Uncertainty quantification of sodium-cooled fast reactor based on the UAM-SFR benchmarks: From pin-cell to full core

Abstract

To quantify the uncertainties in the neutronics calculations of sodium-cooled fast reactor (SFR), a series of sensitivity and uncertainty (S&U) analysis were performed on two typical SFRs, which were a large-size MOX-fueled core and a medium-size metallic fueled core. The analysis was done from the pin-cell level to full core level to investigate the uncertainty propagation in the two-step neutronics calculation scheme. The responses analyzed contained the kinf, homogenized cross-sections, sodium void reactivity (SVR), Doppler constant (KD) and control rod worth (CRW) at the sub-assembly level, and the keff and power distribution at the full core level. The direct numerical perturbation method was used to get the relative sensitivity coefficients and the ‘Sandwich Rule’ was used to get the relative uncertainties.

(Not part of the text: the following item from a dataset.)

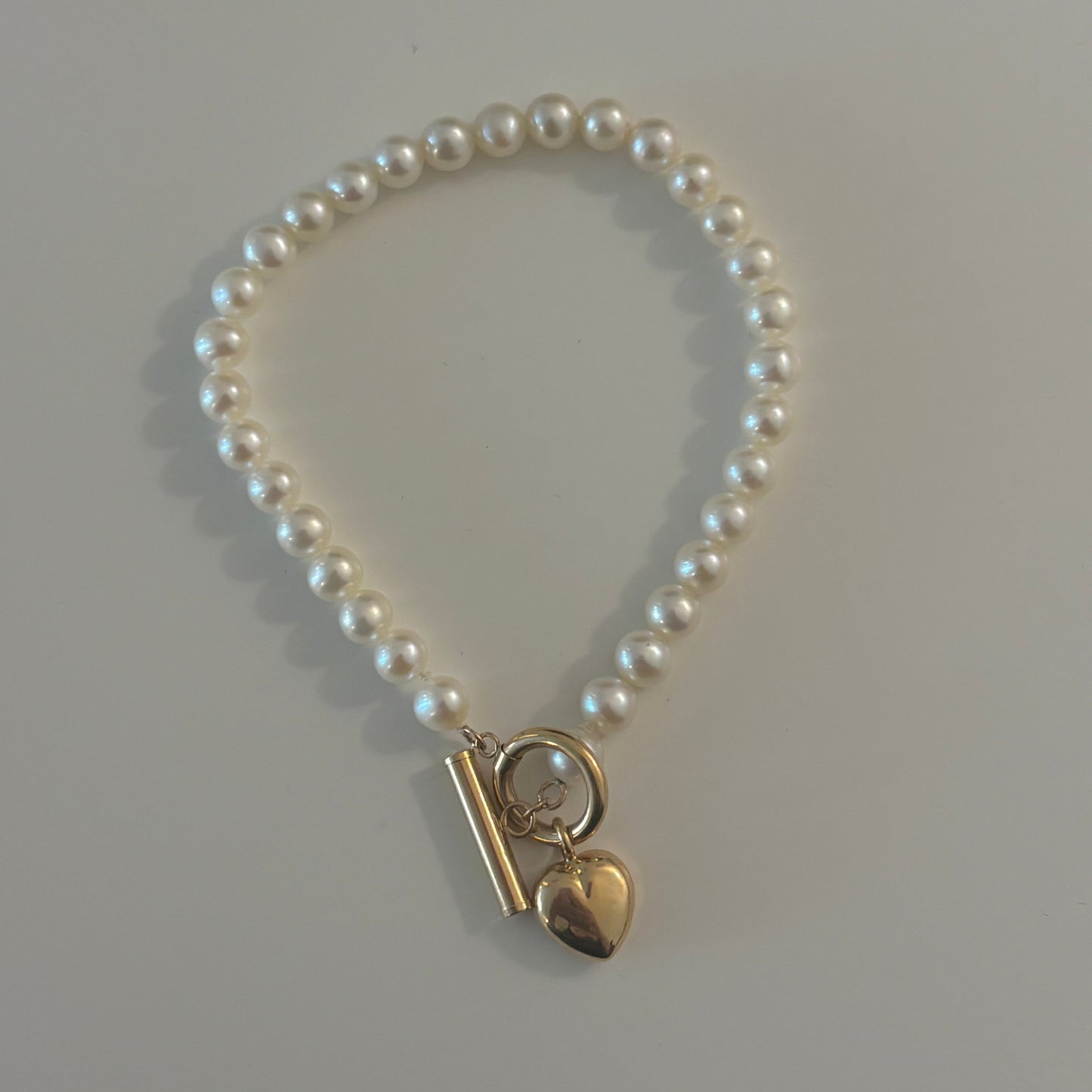 Vintage 14K Gold Toggle Bracelet with Heart Charm & Freshwater Pearls – 7.5”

The results showed that the relative uncertainties propagated linearly from pin-cell to full core for the kinf and keff. Relative uncertainties of reactivity like SVR were much bigger than the ones of kinf and keff. However, the relative uncertainty of power distribution was smaller than other responses. Differences were observed in the S&U analysis between the MOX fueled and metallic fueled SFRs. Softer spectrum of the large-size MOX fueled core caused bigger uncertainty compared to the metallic fueled core.